After finding the line with "It would not" in the entries below, retype exactly each line from there through the line with "It's a full", including that final line.

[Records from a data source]
****************

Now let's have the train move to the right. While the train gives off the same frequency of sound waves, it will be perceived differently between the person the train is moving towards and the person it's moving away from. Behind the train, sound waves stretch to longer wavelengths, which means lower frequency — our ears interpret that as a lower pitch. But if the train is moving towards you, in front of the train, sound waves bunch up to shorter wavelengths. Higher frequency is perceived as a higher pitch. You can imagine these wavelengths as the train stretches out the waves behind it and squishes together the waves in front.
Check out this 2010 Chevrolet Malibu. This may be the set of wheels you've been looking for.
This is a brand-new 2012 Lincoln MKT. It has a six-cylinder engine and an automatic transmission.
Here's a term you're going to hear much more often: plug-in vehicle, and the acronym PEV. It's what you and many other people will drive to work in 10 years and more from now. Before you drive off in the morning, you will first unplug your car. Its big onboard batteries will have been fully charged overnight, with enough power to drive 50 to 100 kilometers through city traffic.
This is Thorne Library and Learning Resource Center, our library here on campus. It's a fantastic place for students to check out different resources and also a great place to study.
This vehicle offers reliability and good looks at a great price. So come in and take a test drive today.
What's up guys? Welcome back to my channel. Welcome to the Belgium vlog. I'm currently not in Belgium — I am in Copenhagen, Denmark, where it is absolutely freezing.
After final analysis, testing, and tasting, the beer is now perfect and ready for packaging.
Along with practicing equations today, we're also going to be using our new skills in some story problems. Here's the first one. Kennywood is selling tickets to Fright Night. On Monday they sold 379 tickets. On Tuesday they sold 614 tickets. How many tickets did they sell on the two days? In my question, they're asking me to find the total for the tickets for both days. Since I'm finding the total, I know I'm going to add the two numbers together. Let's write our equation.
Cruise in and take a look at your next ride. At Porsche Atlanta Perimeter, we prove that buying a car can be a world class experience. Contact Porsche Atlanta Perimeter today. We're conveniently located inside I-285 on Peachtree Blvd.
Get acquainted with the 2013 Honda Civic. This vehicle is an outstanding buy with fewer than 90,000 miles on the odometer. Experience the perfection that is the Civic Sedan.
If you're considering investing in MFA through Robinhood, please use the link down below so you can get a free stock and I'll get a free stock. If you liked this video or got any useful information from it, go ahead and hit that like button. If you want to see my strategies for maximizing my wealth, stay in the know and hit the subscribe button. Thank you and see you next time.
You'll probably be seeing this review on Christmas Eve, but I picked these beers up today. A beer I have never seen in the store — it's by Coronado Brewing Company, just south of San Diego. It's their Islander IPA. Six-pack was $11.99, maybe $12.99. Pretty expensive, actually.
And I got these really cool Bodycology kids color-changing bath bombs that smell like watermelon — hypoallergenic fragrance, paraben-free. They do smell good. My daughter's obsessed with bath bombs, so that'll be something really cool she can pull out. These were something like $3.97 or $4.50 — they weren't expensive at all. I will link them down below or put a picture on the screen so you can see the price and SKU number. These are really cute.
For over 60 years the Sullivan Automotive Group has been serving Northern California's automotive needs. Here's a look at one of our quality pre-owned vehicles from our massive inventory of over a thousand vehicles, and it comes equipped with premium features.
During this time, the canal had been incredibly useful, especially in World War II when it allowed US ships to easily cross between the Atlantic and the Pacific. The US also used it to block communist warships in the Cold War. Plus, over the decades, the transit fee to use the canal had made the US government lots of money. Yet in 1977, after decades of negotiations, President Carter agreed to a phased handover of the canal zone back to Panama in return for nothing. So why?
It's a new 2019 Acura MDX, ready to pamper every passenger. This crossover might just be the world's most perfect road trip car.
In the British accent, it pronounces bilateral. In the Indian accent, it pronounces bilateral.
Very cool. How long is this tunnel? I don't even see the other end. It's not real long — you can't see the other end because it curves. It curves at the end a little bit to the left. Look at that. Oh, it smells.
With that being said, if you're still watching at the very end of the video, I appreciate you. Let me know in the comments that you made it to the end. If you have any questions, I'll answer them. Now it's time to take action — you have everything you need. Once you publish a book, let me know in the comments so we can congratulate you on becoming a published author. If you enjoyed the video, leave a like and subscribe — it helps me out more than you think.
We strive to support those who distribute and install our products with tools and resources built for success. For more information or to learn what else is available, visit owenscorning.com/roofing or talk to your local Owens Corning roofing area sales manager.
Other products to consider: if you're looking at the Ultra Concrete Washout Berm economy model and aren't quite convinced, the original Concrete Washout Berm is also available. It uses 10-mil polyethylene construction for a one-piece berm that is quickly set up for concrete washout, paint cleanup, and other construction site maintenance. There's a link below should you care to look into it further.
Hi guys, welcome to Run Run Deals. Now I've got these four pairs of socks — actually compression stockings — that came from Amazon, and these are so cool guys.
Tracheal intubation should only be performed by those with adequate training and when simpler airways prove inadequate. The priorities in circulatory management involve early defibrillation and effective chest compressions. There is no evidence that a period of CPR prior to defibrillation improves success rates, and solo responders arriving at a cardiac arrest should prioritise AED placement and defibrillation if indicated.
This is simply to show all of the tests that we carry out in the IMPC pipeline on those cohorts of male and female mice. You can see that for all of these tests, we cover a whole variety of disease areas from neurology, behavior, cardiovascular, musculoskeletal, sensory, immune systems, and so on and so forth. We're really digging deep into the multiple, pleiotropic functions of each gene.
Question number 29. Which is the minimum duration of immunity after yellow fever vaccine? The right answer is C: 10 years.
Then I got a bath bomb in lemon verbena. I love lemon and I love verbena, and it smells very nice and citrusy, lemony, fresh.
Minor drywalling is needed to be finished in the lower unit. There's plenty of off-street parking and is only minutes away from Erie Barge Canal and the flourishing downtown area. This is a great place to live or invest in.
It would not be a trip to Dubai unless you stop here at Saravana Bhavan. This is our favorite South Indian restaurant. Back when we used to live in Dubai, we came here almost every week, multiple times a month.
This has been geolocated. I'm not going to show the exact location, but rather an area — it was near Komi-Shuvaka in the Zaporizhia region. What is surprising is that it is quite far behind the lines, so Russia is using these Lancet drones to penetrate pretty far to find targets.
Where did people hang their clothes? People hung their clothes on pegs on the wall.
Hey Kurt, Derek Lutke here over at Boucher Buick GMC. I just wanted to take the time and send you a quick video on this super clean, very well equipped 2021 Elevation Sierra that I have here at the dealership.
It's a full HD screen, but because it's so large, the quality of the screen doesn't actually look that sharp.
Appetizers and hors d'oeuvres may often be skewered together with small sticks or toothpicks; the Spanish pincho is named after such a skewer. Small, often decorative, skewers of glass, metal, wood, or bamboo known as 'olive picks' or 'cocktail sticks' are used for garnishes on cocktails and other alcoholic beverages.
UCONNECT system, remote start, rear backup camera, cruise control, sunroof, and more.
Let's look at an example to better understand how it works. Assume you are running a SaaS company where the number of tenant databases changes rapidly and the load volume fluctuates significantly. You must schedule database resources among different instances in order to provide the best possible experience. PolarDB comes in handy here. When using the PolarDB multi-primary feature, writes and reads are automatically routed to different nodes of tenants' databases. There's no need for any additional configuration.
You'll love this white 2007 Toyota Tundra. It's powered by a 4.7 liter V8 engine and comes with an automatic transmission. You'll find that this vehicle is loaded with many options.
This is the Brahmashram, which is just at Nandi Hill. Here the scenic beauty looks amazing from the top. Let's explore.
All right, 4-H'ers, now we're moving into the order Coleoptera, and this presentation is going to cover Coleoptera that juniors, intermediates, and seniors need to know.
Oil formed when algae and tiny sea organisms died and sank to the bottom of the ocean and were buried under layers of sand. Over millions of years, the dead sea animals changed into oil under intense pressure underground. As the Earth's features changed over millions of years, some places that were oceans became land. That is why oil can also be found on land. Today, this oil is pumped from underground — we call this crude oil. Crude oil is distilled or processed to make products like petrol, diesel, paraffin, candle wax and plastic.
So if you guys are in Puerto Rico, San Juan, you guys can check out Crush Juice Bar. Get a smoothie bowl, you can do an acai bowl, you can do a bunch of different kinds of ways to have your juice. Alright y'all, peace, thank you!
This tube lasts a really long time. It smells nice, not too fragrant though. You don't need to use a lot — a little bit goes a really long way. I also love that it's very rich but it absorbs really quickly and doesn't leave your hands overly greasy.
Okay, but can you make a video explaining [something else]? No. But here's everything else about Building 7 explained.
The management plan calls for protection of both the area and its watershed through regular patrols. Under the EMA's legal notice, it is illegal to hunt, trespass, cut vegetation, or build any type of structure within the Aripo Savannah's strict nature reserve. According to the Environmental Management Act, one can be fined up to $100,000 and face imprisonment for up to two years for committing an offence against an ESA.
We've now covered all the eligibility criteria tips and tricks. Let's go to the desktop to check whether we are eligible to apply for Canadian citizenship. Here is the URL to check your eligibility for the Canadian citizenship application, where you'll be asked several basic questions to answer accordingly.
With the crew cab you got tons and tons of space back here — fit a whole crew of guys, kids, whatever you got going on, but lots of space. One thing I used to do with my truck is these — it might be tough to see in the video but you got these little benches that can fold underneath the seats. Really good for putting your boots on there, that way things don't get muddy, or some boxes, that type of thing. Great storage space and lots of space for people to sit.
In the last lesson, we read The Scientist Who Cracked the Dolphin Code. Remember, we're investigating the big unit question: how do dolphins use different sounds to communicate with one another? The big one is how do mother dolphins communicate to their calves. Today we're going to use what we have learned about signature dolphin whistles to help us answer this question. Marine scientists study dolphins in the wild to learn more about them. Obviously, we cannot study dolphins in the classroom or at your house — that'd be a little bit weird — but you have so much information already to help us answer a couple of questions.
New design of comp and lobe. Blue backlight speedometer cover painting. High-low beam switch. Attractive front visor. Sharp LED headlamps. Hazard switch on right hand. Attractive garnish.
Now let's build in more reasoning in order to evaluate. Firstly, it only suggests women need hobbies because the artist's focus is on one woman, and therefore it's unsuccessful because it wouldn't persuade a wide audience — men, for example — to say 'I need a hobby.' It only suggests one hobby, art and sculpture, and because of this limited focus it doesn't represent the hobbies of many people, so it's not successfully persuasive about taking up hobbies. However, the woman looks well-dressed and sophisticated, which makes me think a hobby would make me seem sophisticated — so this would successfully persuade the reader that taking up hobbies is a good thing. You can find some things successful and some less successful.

****************

● Exercise output
It would not be a trip to Dubai unless you stop here at Saravana Bhavan. This is our favorite South Indian restaurant. Back when we used to live in Dubai, we came here almost every week, multiple times a month.
This has been geolocated. I'm not going to show the exact location, but rather an area — it was near Komi-Shuvaka in the Zaporizhia region. What is surprising is that it is quite far behind the lines, so Russia is using these Lancet drones to penetrate pretty far to find targets.
Where did people hang their clothes? People hung their clothes on pegs on the wall.
Hey Kurt, Derek Lutke here over at Boucher Buick GMC. I just wanted to take the time and send you a quick video on this super clean, very well equipped 2021 Elevation Sierra that I have here at the dealership.
It's a full HD screen, but because it's so large, the quality of the screen doesn't actually look that sharp.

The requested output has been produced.